_ACTIVITY_
Reproduce all the entries, matching the original word for word.

_SOURCE MATERIAL_
....................

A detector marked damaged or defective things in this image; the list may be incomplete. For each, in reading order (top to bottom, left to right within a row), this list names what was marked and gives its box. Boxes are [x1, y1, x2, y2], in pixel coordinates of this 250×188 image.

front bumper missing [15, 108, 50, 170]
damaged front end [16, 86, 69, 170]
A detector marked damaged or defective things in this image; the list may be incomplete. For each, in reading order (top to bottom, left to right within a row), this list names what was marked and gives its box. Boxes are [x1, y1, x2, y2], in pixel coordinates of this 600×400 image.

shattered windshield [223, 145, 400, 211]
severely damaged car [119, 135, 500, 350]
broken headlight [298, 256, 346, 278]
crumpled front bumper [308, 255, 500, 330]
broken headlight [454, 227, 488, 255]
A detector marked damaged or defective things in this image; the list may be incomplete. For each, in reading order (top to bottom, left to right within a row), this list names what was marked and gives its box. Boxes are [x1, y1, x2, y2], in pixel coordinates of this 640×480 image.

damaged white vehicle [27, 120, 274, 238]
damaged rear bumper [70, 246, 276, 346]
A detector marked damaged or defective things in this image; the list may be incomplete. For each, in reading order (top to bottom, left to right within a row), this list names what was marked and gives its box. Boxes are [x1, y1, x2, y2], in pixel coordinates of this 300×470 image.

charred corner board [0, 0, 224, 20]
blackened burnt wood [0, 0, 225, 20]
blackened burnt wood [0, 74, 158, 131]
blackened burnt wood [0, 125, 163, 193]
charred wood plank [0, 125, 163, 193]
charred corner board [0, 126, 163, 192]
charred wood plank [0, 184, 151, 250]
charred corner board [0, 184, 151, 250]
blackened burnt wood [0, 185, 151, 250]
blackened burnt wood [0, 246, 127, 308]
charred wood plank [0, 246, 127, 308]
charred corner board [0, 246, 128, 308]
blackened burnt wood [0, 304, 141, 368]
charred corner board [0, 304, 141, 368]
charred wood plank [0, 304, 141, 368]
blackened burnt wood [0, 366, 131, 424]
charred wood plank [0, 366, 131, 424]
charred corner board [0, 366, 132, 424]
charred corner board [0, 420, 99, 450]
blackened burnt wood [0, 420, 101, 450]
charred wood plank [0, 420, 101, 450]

....................

_OUTPUT OF THE TASK_
A detector marked damaged or defective things in this image; the list may be incomplete. For each, in reading order (top to bottom, left to right within a row), this list names what was marked and gives its box. Boxes are [x1, y1, x2, y2], in pixel coordinates of this 250×188 image.

front bumper missing [15, 108, 50, 170]
damaged front end [16, 86, 69, 170]
A detector marked damaged or defective things in this image; the list may be incomplete. For each, in reading order (top to bottom, left to right within a row), this list names what was marked and gives its box. Boxes are [x1, y1, x2, y2], in pixel coordinates of this 600×400 image.

shattered windshield [223, 145, 400, 211]
severely damaged car [119, 135, 500, 350]
broken headlight [298, 256, 346, 278]
crumpled front bumper [308, 255, 500, 330]
broken headlight [454, 227, 488, 255]
A detector marked damaged or defective things in this image; the list may be incomplete. For each, in reading order (top to bottom, left to right within a row), this list names what was marked and gives its box. Boxes are [x1, y1, x2, y2], in pixel coordinates of this 640×480 image.

damaged white vehicle [27, 120, 274, 238]
damaged rear bumper [70, 246, 276, 346]
A detector marked damaged or defective things in this image; the list may be incomplete. For each, in reading order (top to bottom, left to right within a row), this list names what was marked and gives its box. Boxes are [x1, y1, x2, y2], in pixel coordinates of this 300×470 image.

charred corner board [0, 0, 224, 20]
blackened burnt wood [0, 0, 225, 20]
blackened burnt wood [0, 74, 158, 131]
blackened burnt wood [0, 125, 163, 193]
charred wood plank [0, 125, 163, 193]
charred corner board [0, 126, 163, 192]
charred wood plank [0, 184, 151, 250]
charred corner board [0, 184, 151, 250]
blackened burnt wood [0, 185, 151, 250]
blackened burnt wood [0, 246, 127, 308]
charred wood plank [0, 246, 127, 308]
charred corner board [0, 246, 128, 308]
blackened burnt wood [0, 304, 141, 368]
charred corner board [0, 304, 141, 368]
charred wood plank [0, 304, 141, 368]
blackened burnt wood [0, 366, 131, 424]
charred wood plank [0, 366, 131, 424]
charred corner board [0, 366, 132, 424]
charred corner board [0, 420, 99, 450]
blackened burnt wood [0, 420, 101, 450]
charred wood plank [0, 420, 101, 450]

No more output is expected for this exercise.